10. Welke waarheden leerden de Bijbelonderzoekers betreffende de doop, het onderscheid tussen geestelijken en leken, en de Gedachtenisviering van Christus’ dood?
10 De Bijbelonderzoekers leerden dat de schriftuurlijke doop niet wordt voltrokken doordat baby’s besprenkeld worden, maar dat in overeenstemming met Jezus’ gebod in Mattheüs 28:19, 20 gelovigen die onderwezen zijn, ondergedompeld moeten worden. Zij gingen inzien dat er geen schriftuurlijke basis is voor het onderscheid tussen geestelijken en leken (Mattheüs 23:8-10). Integendeel, alle christenen moeten predikers van het goede nieuws zijn (Handelingen 1:8). De Bijbelonderzoekers beseften dat de Gedachtenisviering van Christus’ dood slechts eenmaal per jaar gehouden diende te worden, op 14 Nisan. Tevens zagen zij dat Pasen een heidens feest is. Bovendien vertrouwden die gezalfden er zozeer op dat God hun werk steunde, dat zij nooit collectes hielden (Mattheüs 10:8). Vanaf het vroegste begin begrepen zij dat christenen volgens bijbelse beginselen moesten leven, waartoe het aankweken van de vrucht van Gods heilige geest behoort. — Galaten 5:22, 23.
Steeds meer lichtflitsen
11. Welk licht werd er geworpen op de opdracht die een christen heeft en op Jezus’ gelijkenis van de schapen en de bokken?

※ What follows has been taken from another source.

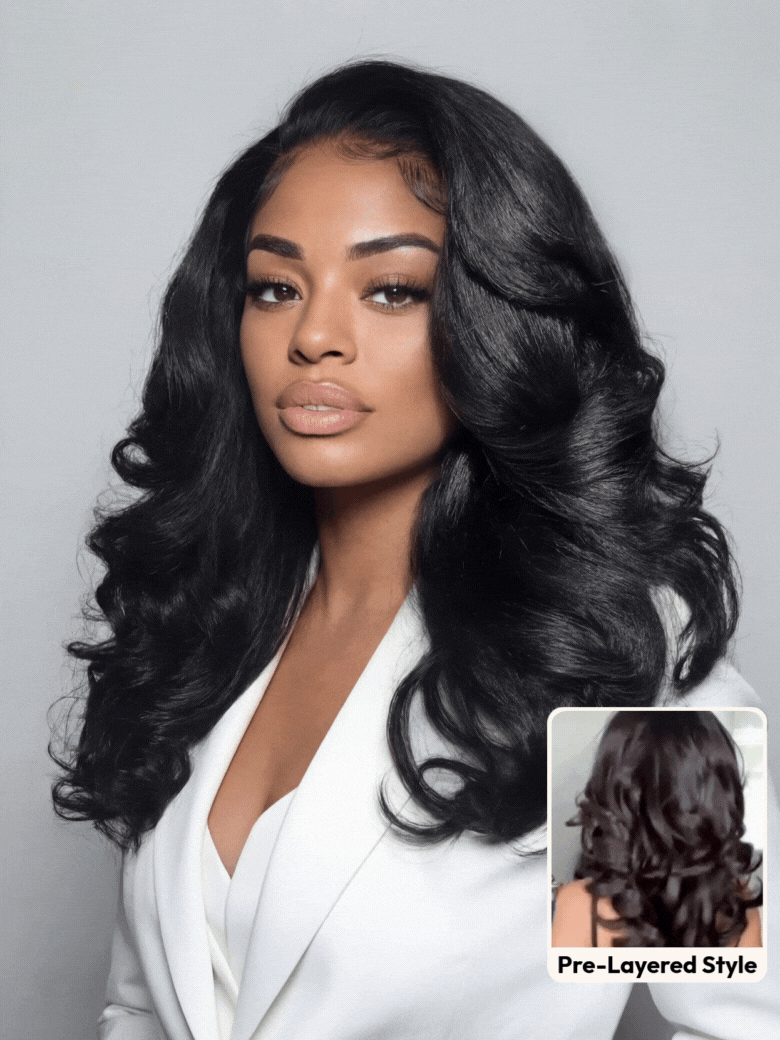 UNice Bye-Bye Slip™ Wig Feathered Layer Left Side Part 200% Density Wig with Secure Silicone Strips and Drawstring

11 Vooral sinds 1919 zijn Jehovah’s dienstknechten gezegend met steeds meer lichtflitsen. Wat een heldere lichtflits kwam er tijdens het in 1922 in Cedar Point gehouden congres toen J. F. Rutherford, de tweede president van het Wachttorengenootschap, krachtig liet uitkomen dat de voornaamste verplichting die op Jehovah’s dienstknechten rust de verkondiging van Gods koninkrijk is. Hij zei: „Verkondigt, verkondigt, verkondigt de Koning en zijn koninkrijk”! Slechts één jaar later werd er helder licht geworpen op de gelijkenis van de schapen en de bokken. Er werd ingezien dat deze profetie vervuld zou worden in de huidige dag des Heren, niet in de toekomst tijdens het Millennium, zoals eerder was gedacht. Gedurende het Millennium zouden de broeders van Christus niet ziek zijn, noch zouden zij gevangenzitten. Bovendien zal het aan het einde van het Millennium Jehovah God zijn die oordeelt, niet Jezus Christus. — Mattheüs 25:31-46.
12. Welke lichtflits kwam er met betrekking tot Armageddon?
12 In 1926 onthulde nog een heldere lichtflits dat de oorlog van Armageddon geen sociale revolutie zou zijn, zoals Bijbelonderzoekers eens hadden gedacht. Het zou daarentegen een oorlog zijn waarin Jehovah zijn macht zo duidelijk zal demonstreren dat alle mensen ervan overtuigd zullen zijn dat hij God is. — Openbaring 16:14-16; 19:17-21.
Kerstmis — Een heidens feest
13. (a) Welk licht werd er op kerstvieringen geworpen? (b) Waarom werden er geen verjaardagen meer gevierd? (Verwerk ook de voetnoot.)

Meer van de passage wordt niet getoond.